My only brother Marc was 11 years older than I was, which meant that we really didn’t get to know each other until we were both adults, when I went to college in San Diego so that I could be closer to him. Through those years and ever after, he was a mentor, an example of political courage, and a close confidant.

While we didn’t share all of our political and social views, we did share a lot, and he helped me to become interested in politics and social life, perhaps inadvertently influencing my decision to become a sociologist and professor. He always took interest in my work and kept close tabs on my views, often engaging me in political debates about all topics of mutual interest.

He was a very talented musician, printer, electrician, heavy equipment operator, train engineer, teacher and all-around technical wizard. His oldest friend, Mike Lafferty, told me that when they met around age 13 and got to know one another, he thought Marc was a “Renaissance man” as he had so many talents.

Above all, he was committed to changing the world for the better, and while we didn’t always agree about how to do that, he was a very dedicated, hard-working, and determined political advocate and organizer for his many causes.
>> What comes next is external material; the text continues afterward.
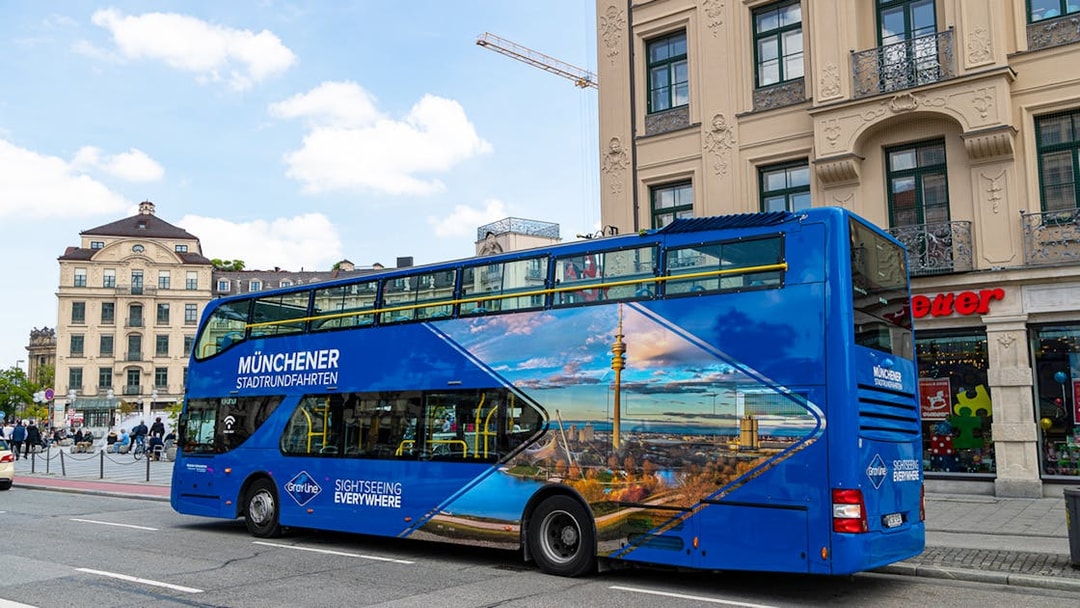 Blue double-decker tour bus in Munich city center, promoting city and FC Bayern Munich Arena tours.
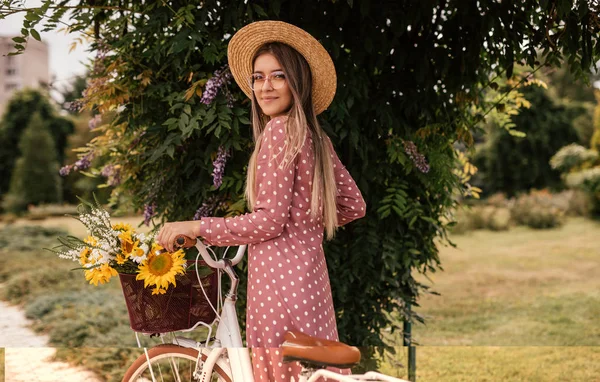 Mulher na moda com bicicleta de pé perto da árvore florescente — Fotografia de Stock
While sometimes stubborn and rigid, he did learn and grow and became sympathetic to every form of human suffering he encountered. He had a very big heart and was interested in seeking justice in all walks of life.

I like to remember Marc as being in agreement with Cornel West’s quote that “Love is what justice looks like in public.” Justice was his compass in all aspects of life, even being unable to tolerate my sly attempts to cheat him in cards or board games. He was known for always having a repertoire of bad jokes and puns to entertain (or annoy) those around him.

We never lost contact as the years rolled by, and the last few years were difficult for him, as he suffered from isolation from family and his various health issues. I loved him dearly and will miss him forever.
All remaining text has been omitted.